------ Source material

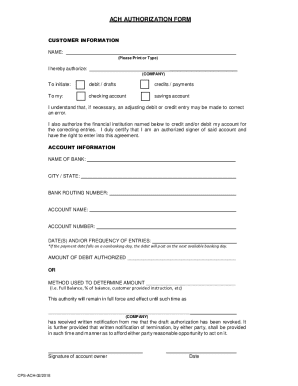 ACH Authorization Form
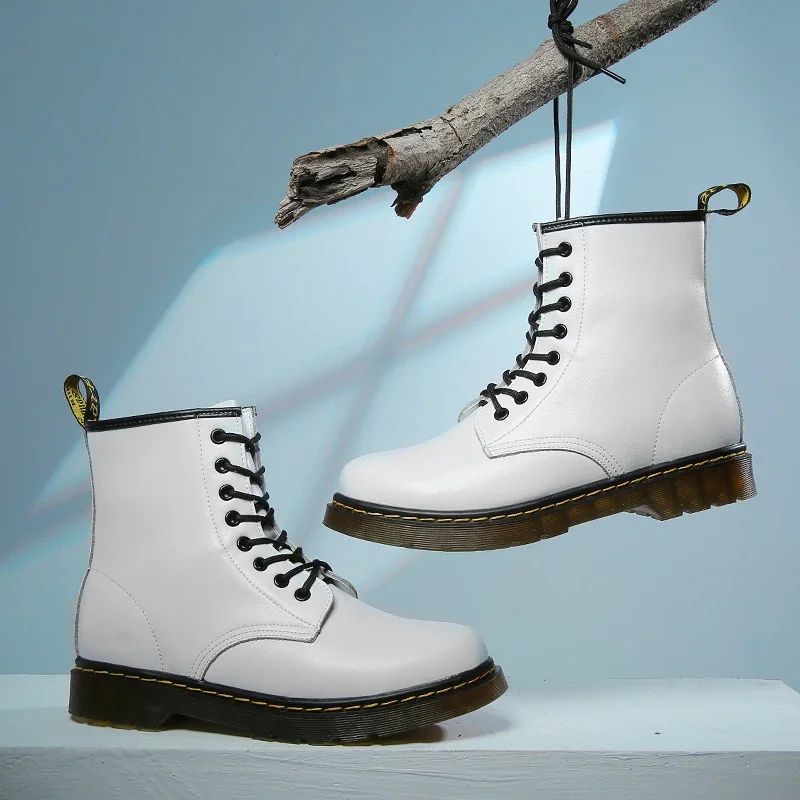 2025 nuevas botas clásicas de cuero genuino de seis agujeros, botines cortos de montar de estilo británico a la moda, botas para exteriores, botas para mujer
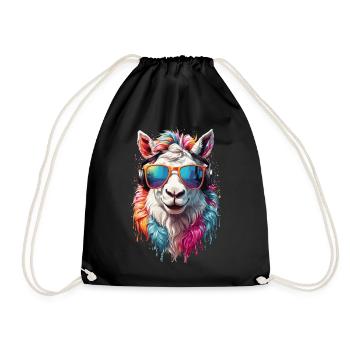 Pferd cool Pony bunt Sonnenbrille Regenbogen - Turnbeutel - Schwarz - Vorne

------------
------ Source material

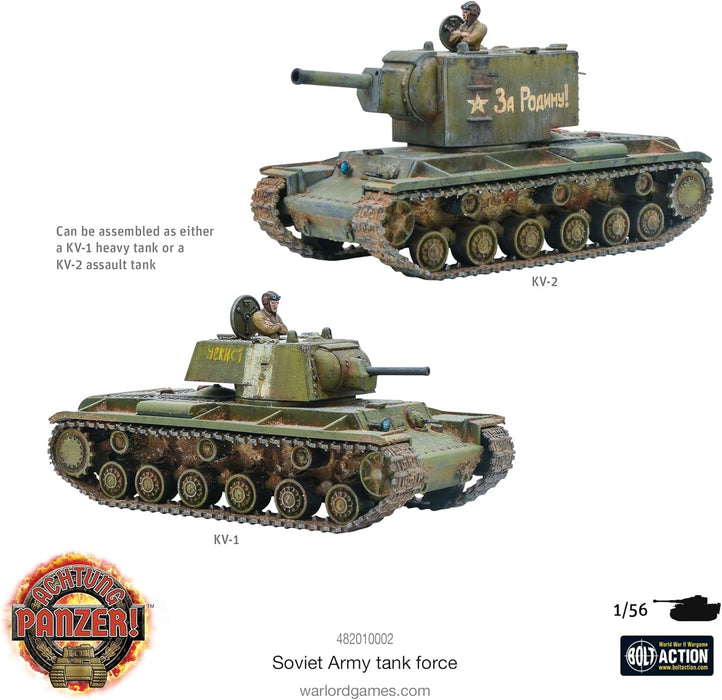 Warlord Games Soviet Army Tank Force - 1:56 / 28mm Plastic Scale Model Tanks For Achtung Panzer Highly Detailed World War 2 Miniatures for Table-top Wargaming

------------
------ Source material

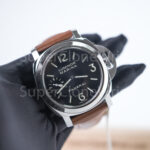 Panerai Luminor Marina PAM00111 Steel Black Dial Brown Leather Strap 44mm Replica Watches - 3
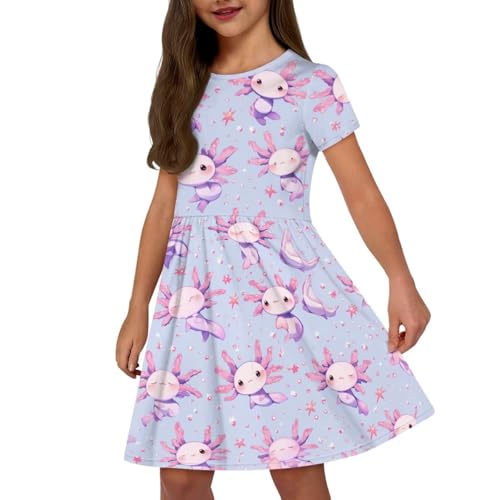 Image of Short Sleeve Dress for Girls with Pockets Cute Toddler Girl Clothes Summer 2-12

------------

#### Task instructions:
Your answer should consist of the lines above between those holding "2025 nuevas botas" and "Pferd cool Pony", inclusive, reproduced word for word and without pictures.

#### Your solution:
 2025 nuevas botas clásicas de cuero genuino de seis agujeros, botines cortos de montar de estilo británico a la moda, botas para exteriores, botas para mujer
 Pferd cool Pony bunt Sonnenbrille Regenbogen - Turnbeutel - Schwarz - Vorne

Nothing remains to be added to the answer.